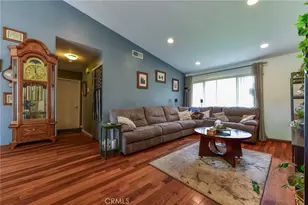 5025 Brooklawn, Riverside, CA 92504 - Photo 8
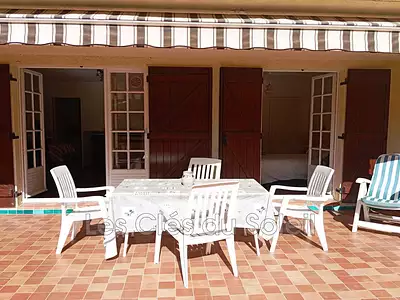 Appartement, 39,44 m²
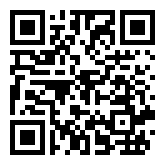 https://www.chigua1.com/scock/1511881735.html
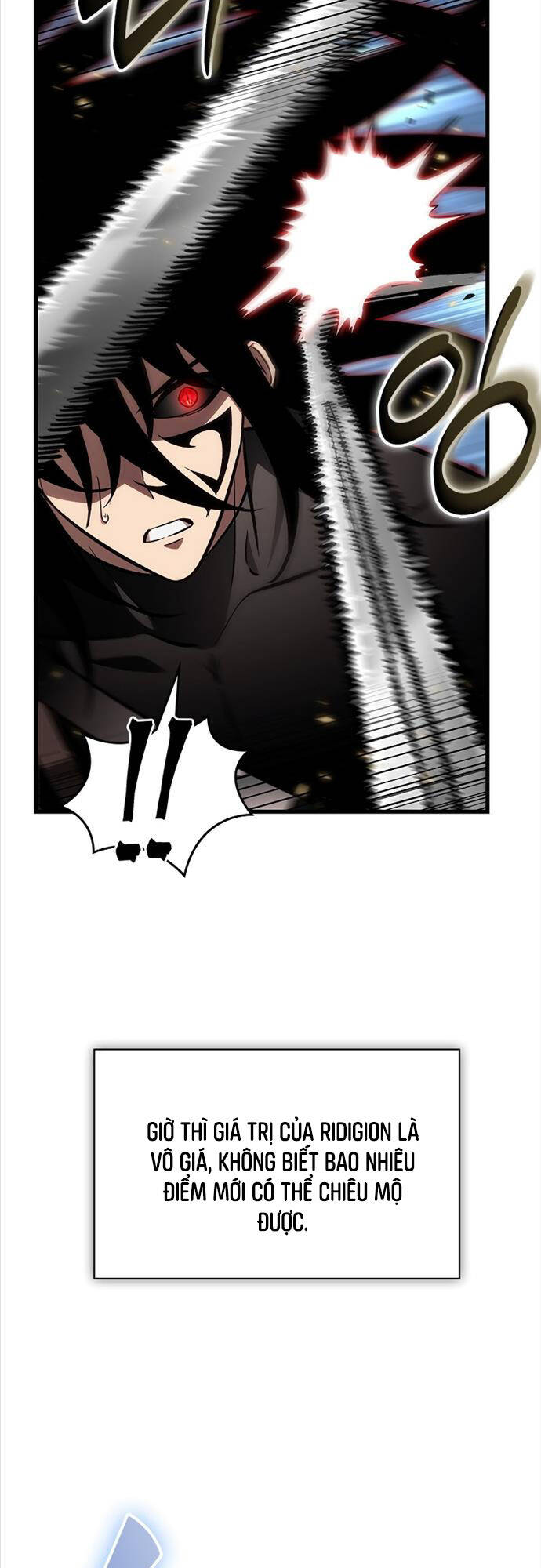 Gacha Vô Hạn Chap 85 - Next Chap 86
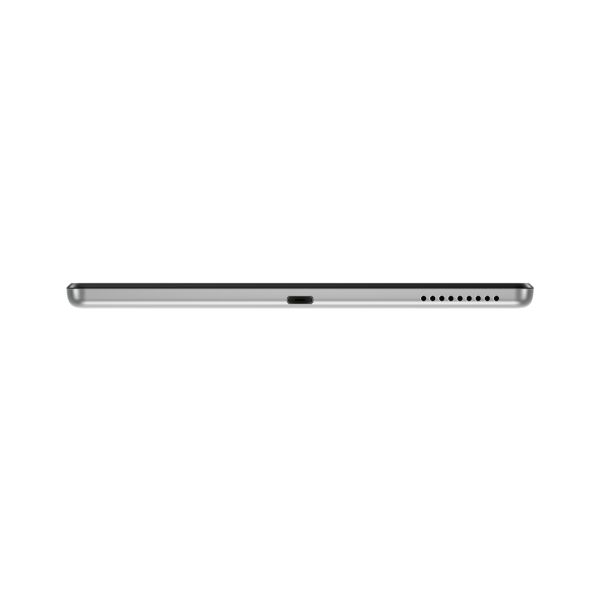 Lenovo Tab M10 FHD Plus 64 GB 26,2 cm (10.3") Mediatek 4 GB Wi-Fi 5 (802.11ac) Grijs (ZA5T0228SE)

**WORK TASK**
Each entry above must be printed exactly, apart from its pictures.

**SOLVED EXERCISE**
 5025 Brooklawn, Riverside, CA 92504 - Photo 8
 Appartement, 39,44 m²
 https://www.chigua1.com/scock/1511881735.html
 Gacha Vô Hạn Chap 85 - Next Chap 86
 Lenovo Tab M10 FHD Plus 64 GB 26,2 cm (10.3") Mediatek 4 GB Wi-Fi 5 (802.11ac) Grijs (ZA5T0228SE)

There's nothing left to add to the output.